* WORK INSTRUCTIONS *
Pictures should be left out when the listing below is repeated word for word.

* INPUT DATA *
----------------------------------------

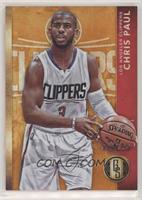 Chris Paul (White Uniform Holding Ball with Both Hands) #/299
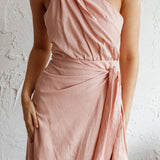 Island Time One-Shoulder Midi Dress Apricot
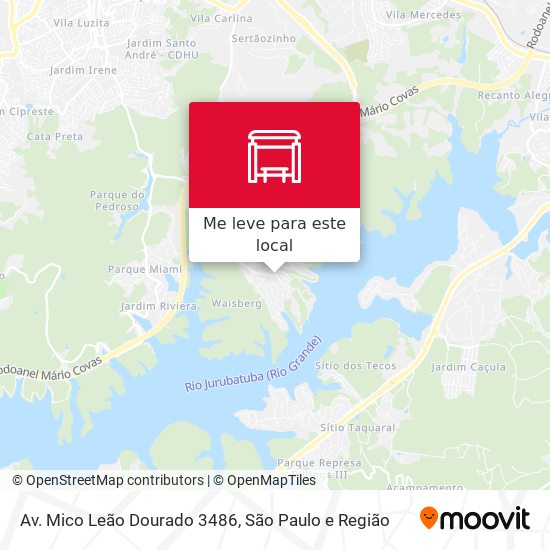 Av. Mico Leão Dourado 3486 mapa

----------------------------------------

* EXERCISE RESULT *
 Chris Paul (White Uniform Holding Ball with Both Hands) #/299
 Island Time One-Shoulder Midi Dress Apricot
 Av. Mico Leão Dourado 3486 mapa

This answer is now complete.